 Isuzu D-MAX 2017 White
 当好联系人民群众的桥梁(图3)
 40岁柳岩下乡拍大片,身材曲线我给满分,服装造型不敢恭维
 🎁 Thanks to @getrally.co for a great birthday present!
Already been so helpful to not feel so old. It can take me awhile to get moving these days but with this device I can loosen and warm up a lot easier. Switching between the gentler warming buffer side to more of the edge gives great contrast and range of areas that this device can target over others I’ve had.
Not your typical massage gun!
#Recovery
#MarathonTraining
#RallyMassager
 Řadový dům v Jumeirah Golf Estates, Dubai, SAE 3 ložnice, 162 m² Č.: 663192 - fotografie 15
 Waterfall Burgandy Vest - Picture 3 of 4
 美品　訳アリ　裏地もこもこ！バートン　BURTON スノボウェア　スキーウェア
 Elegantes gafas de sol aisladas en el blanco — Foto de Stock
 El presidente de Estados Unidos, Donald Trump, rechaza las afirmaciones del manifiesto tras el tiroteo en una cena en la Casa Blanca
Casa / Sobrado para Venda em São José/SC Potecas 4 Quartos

★ ★ ★

TASK BRIEF:
All entries must be duplicated exactly, with none left out.

EXERCISE ANSWER:
 Isuzu D-MAX 2017 White
 当好联系人民群众的桥梁(图3)
 40岁柳岩下乡拍大片,身材曲线我给满分,服装造型不敢恭维
 🎁 Thanks to @getrally.co for a great birthday present!
Already been so helpful to not feel so old. It can take me awhile to get moving these days but with this device I can loosen and warm up a lot easier. Switching between the gentler warming buffer side to more of the edge gives great contrast and range of areas that this device can target over others I’ve had.
Not your typical massage gun!
#Recovery
#MarathonTraining
#RallyMassager
 Řadový dům v Jumeirah Golf Estates, Dubai, SAE 3 ložnice, 162 m² Č.: 663192 - fotografie 15
 Waterfall Burgandy Vest - Picture 3 of 4
 美品　訳アリ　裏地もこもこ！バートン　BURTON スノボウェア　スキーウェア
 Elegantes gafas de sol aisladas en el blanco — Foto de Stock
 El presidente de Estados Unidos, Donald Trump, rechaza las afirmaciones del manifiesto tras el tiroteo en una cena en la Casa Blanca
Casa / Sobrado para Venda em São José/SC Potecas 4 Quartos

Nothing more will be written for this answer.